Я представляю себе Ваш юбилейный вечер, где я бы зачитал этот адрес-кентавр, помесь литературного эссе и дружеского послания. Но вечера не будет, а если бы и был, отправитель этого письма будет находиться в день Вашего 50-летия по другую сторону Атлантики, на нашей с Вами географической родине.
Другой вопрос, на который я отвечу не фразой или несколькими, а всем этим письмом – почему, приступая к нему, я испытывал некоторую оторопь?
Чувство ответственности перед Вами, живым классиком? Вряд ли – профессиональный критик адресует свой опус читателям, а не герою, даже если формально обращается к нему – Вы занимаете особое место в читательской аудитории, но не привилегированное. Тогда, возможно, боязнь повторов, ибо только в последнее время я напечатал о Вас две статьи, на очереди следующая, да и вышедший сейчас, после пятнадцатилетнего лежания в письменном столе, мой «Роман с эпиграфами» («Три еврея») посвящен Вашей судьбе, вдохновлен Вашими стихами и приурочен издателем к Вашему юбилею. Однако и это не причина, потому что сделанное Вами в литературе так велико, обширно, ветвисто, сюжетно и жанрово разнообразно, что возвраты к Вашим стихам и прозе понуждают к новым раздумьям, которые читатель-критик вовсе не обязан держать запертыми в голове, но может доверить бумаге, самому прочному в мире материалу – куда там граниту или прославленному Вами мрамору! Быть может, тогда разрыв между образами – литературным отщепенцем с явными признаками гениальности, каким я знал Вас в Ленинграде, и всемирно известным поэтом, нобелевским лауреатом, литературным мэтром, коим Вы теперь являетесь?

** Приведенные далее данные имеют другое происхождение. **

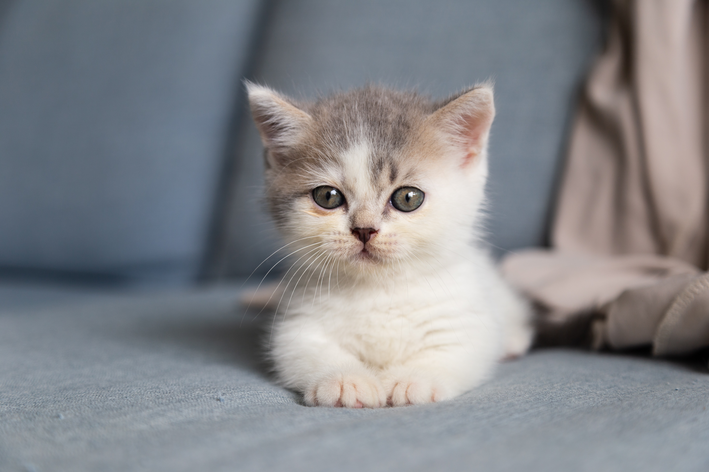 miado de gato filhote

Что говорить, скачок и в самом деле головокружительный, но вряд ли такой уж неожиданный для тех, кто Вас знал прежде – даже когда Вы неприкаянно шатались по ленинградским улицам и самыми верными Вашими спутниками были агенты КГБ, и тогда в Вас ощущался (думаю, что и ими) мощный духовный потенциал, который был не ко двору в «отечестве белых головок» и пошел в бурный – чтобы не сказать, буйный рост, когда Вы «сменили империю»:
Этот шагпродиктован был тем, что несло горелымс четырех сторон – хоть живот крести;с точки зренья ворон, с пяти.
Дуя в полую дудку, что твой факир,я прошел сквозь строй янычар в зеленом,чуя яйцами холод их злых секир,как при входе в воду. И вот с соленымвкусом этой воды во рту,я пересек черту…
И годом раньше, в одном из сонетов к Марии Стюарт: «Во избежанье роковой черты, я пересек другую – горизонта, чье лезвие, Мари, острей ножа».